Material supplied:
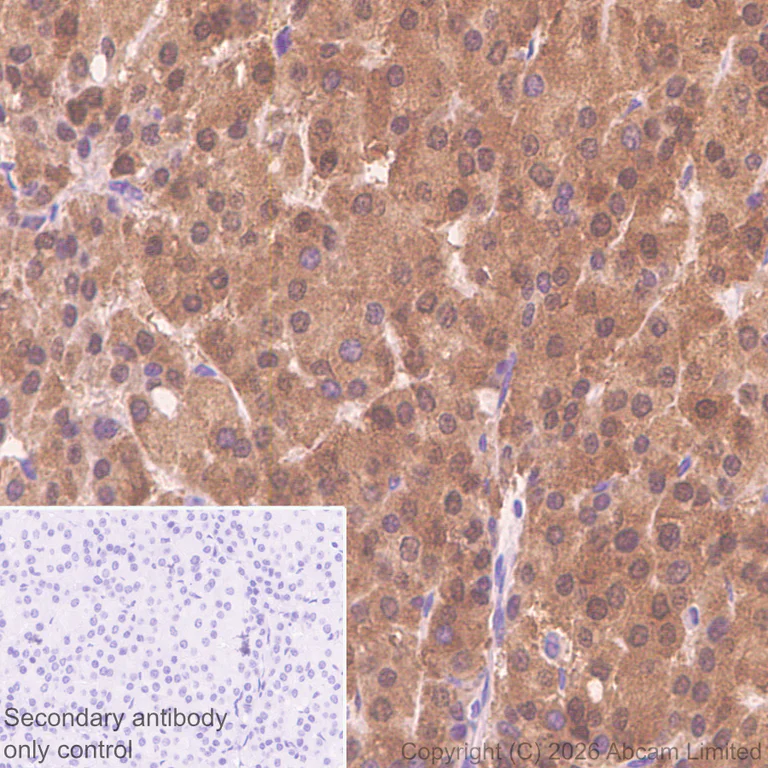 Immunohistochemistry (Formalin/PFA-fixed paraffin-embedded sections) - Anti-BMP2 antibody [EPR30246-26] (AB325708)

--

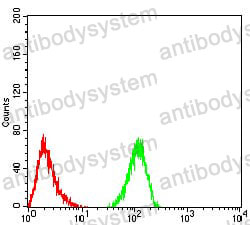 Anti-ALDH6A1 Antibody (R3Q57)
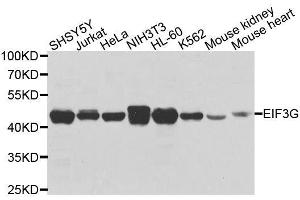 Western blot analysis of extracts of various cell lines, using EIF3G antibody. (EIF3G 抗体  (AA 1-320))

What the task requires: For this exercise, transcribe exactly the part of the records above that opens with the line containing "Anti-ALDH6A1 Antibody (R3Q57)" and closes with the one containing "Western blot analysis". Pictures are not part of the copy.

Reply to the task:
 Anti-ALDH6A1 Antibody (R3Q57)
 Western blot analysis of extracts of various cell lines, using EIF3G antibody. (EIF3G 抗体  (AA 1-320))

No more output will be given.